Friday, August 8, 2008

A Visit With The Count

Writing about the "Count of Monte Cristo" music soundtrack last night got me in the mood to hear it again. I just finished watching the movie. It never fails to move me.

There are several scenes in the movie that really get to me, but one in particular causes my eyes to well every stinking time I watch the crazy thing. After Edmond is betrayed by his best friend and thrown into prison for a crime he didn't commit, he notices a message carved into the wall of his cell by the previous tenant - "God will give me justice".

For the next four to seven years (it's never quite clear exactly), Edmond carves the message deeper and deeper into the wall with a sharp stone. It's as if he's attempting to carve it into his soul to cling to God and keep from losing his faith. Then one day after his annual whipping, he sits there staring at the message, picks up the stone, then with a clatter drops it to the floor. A powerful statement.

I guess it gets to me because I know what it's like in a way. I've never totally lost my faith in God, but my heart has been so beaten down and punctured by the knives in my back, that I've cried out to God, "WHY?", just as Edmond does. I've asked the questions millions have before me: Why do good people suffer? Why doesn't God do something about the wrongs committed against the innocent?

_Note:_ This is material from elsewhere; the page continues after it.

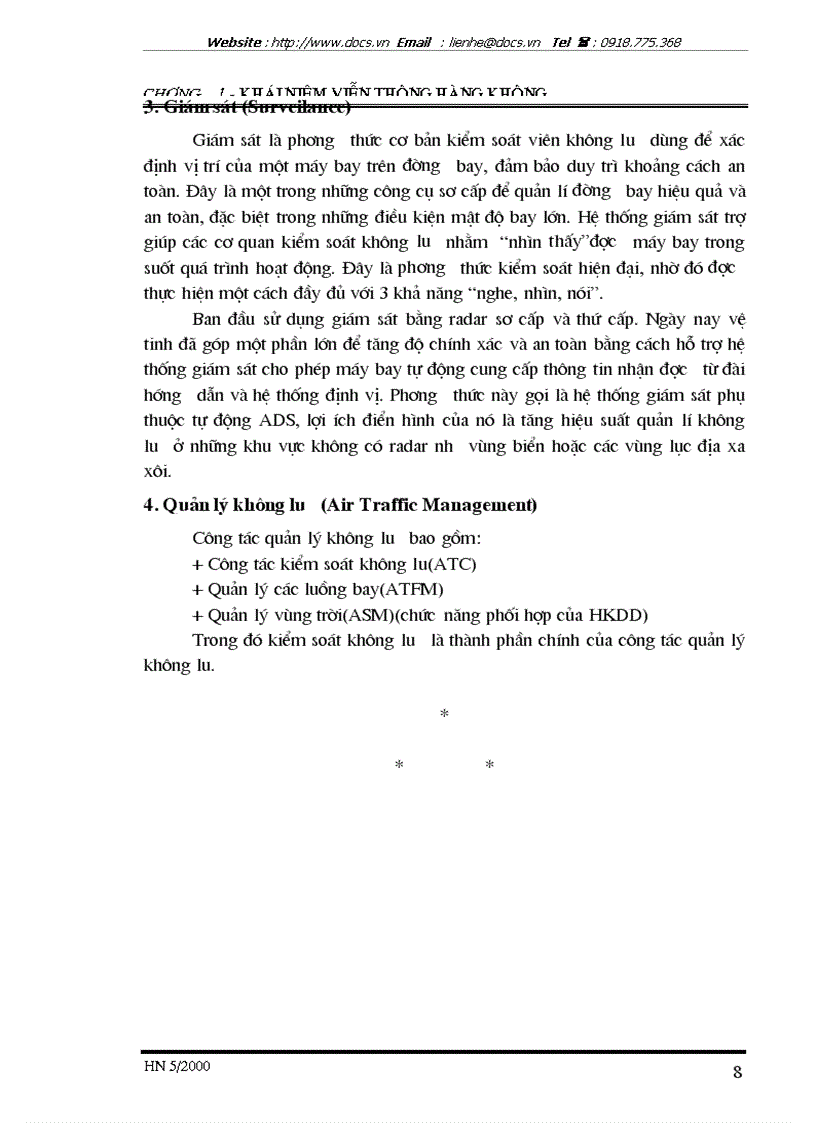 image for page Nghiên cứu Hệ thống chuyển mạch thoại trong viễn thông hàng không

You know what? I'll never have all the answers. I'll never understand why I've had to walk some of the horrible paths laid before me. But this I DO know. It was not God who did these things to me. It was not God who conspired to commit wrongs against me. It is the effect of the selfish nature of man.

And there is an added benefit that God has opened my eyes to through all of it. There are so many people in this world just like me - beaten down by events or other people in life, doubting God, confused about how a loving God could allow such things, etc., etc., etc. So many times they're told to "get over it" or "where's your faith" and other such hogwash.

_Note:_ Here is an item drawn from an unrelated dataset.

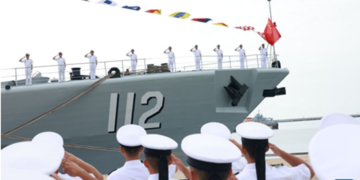 China’s ‘No. 1 warship,’ Type 052 destroyer Harbin, retires after over 30 years of extraordinary service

God has allowed me a not so unique opportunity to see through people's masks and reach them where they hurt. I can't make things better, but I can be a shoulder to lean on, arms to hold them, a friend to listen, someone to cry with. In a very tiny way, it almost makes what I've been through worthwhile. It at the very least gives reason to my past hurts.

I'm still on my journey, and that's a good thing. With insiders knowledge, I can laugh at the scene in the movie where Edmond tells Priest, "God is no more real than your treasure, Priest." To which Priest responds with a smile and says, "Perhaps."

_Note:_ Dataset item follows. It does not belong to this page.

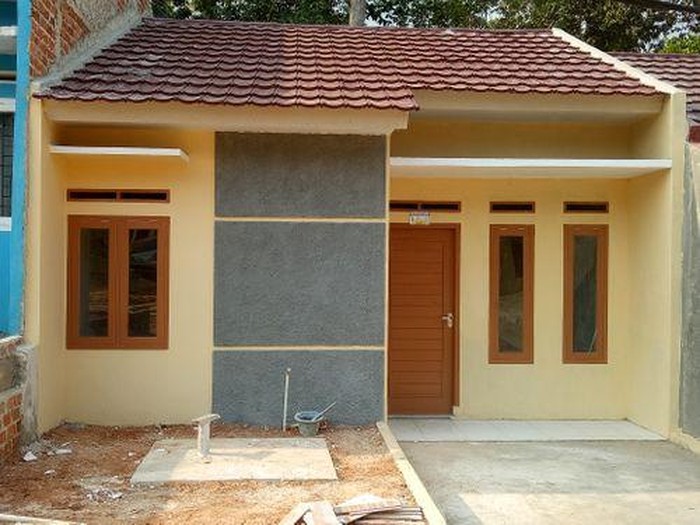 Penampakan rumah di Baru Ranji Asri 1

You'll have to watch the movie to fully appreciate the wealth in that statement.

2 comments:

God's Girl said...

Thanks for sharing! God definately uses our pain to produce godly character in us.

I pray that you have a wonderful week!

Julie

Denise said...

Julie - thanks much for visiting. It's never easy, but then I guess it wouldn't have such value when we come out the other side. Prayers are always appreciated!